Pero en estas luchas de agosto, se han desplazado más que nunca las estructuras jerárquicas: yo, madre y docente, vuelvo y vuelvo a la instantánea en la que, a las dos de la madrugada, ya casi conociendo la derrota en el Senado, sigo en la Plaza del Congreso abrazada a una de mis hijas en la noche, mientras la otra sigue filmando en alguna esquina, cámara y ojos empapados, porque ella fue no hace mucho tiempo víctima de la clandestinidad del aborto. Educadas por nuestras hijas, las mujeres de mi generación salimos a pelear por los derechos que nosotras no tuvimos.
Yo, madre y docente, vuelvo y vuelvo a la instantánea en la que mis alumnes toman las unidades académicas en nombre de la educación para todes y nos enseñan que la universidad es (o debe ser) de los trabajadores y al que no le gusta se jode, se jode.
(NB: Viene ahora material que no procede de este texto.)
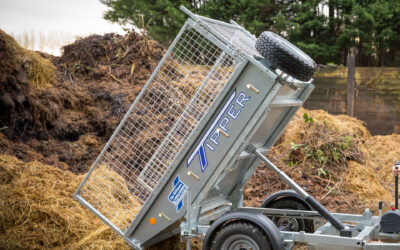Maximise Efficiency with a Heavy-Duty Tipper Trailer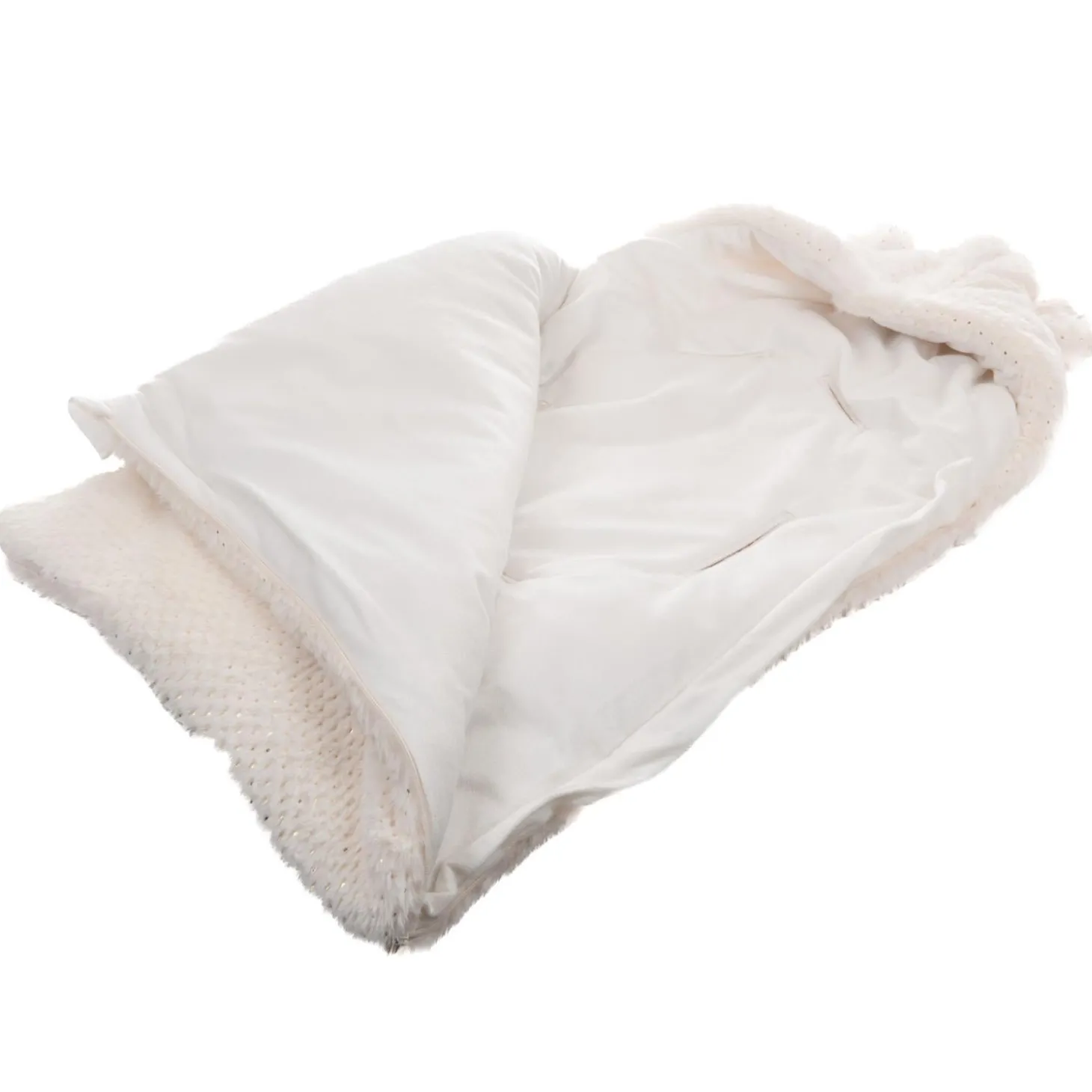 Amadeus Chancelière Creme Paillette Creme 0-6 mois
No es la primera vez que, ante grandes avanzadas de la zarpa del Capital apoyadas en sus socios instalados en algunos gobiernos votados democráticamente, el Pueblo (nosotres, digo) salimos de la anestesia. Se levanta el gigante y entendemos que solo somos desde abajo: a pesar de nuestras discusiones, contradicciones, metodologías -o con (y gracias a) ellas-.
Hace solo un momento, acabamos de enterarnos de que la Mesa paritaria programada para las 17 acaba de aplazarse hasta las 19… ¿Punto y aparte? ¿Punto final? ¿Punto y traición..?
Cuando la Historia sea contada se recordará que nos abrazamos entre iguales, que escupimos a los traidores, que intentamos posicionarnos con identidad de clase. Y quizás, si no nos resignamos, cuando la Historia sea contada sea una de esas con final feliz.